A while back I was in a discussion with an interesting young liberal who griped about the annoying and unwashed liberals homeless in his particular town ( I think they blocked the entrances to his favorite coffee shops), and on the other insisted that our government wasn't a democracy because if it was the poor would be receiving more benefits and none of us should ever have to worry about retirement.

Me: I don't understand how, on the one hand, you can claim that if this were a democracy the poor would be receiving more benefits, when, in fact, the benefits the poor are receiving have done nothing but climb since the Welfare State began, and their immediate material needs are taken care of. How is having your immediate material needs (and wants) taken care of by the government a healthy situation for adults?

Why is a retirement plan not a personal responsibility rather than an entitlement from the government (i.e. everybody else's pockets)? At what point does your standard of living cease to be the government's responsibility and begin to be one's own? Is there anything that we ought to be responsible for ourselves, or should other taxpayers bear all the burdens for supporting us in the manner to which we like to be accustomed?
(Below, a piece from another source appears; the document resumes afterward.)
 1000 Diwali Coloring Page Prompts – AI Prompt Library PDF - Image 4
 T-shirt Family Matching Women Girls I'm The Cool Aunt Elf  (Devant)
What is this standard of living? The poor today are living like the middle class of forty years ago- this doesn't prove that we need to make more money to increase our standard of living, it proves that the sort of poverty the welfare state was supposed to wipe out was, in fact, wiped out. The goal posts moved, and now there's a brand new standard of living that shifts every few years- it's not about not living in poverty, it's about maintaining an artificial standard of living that the middle class could only dream of 50 years ago.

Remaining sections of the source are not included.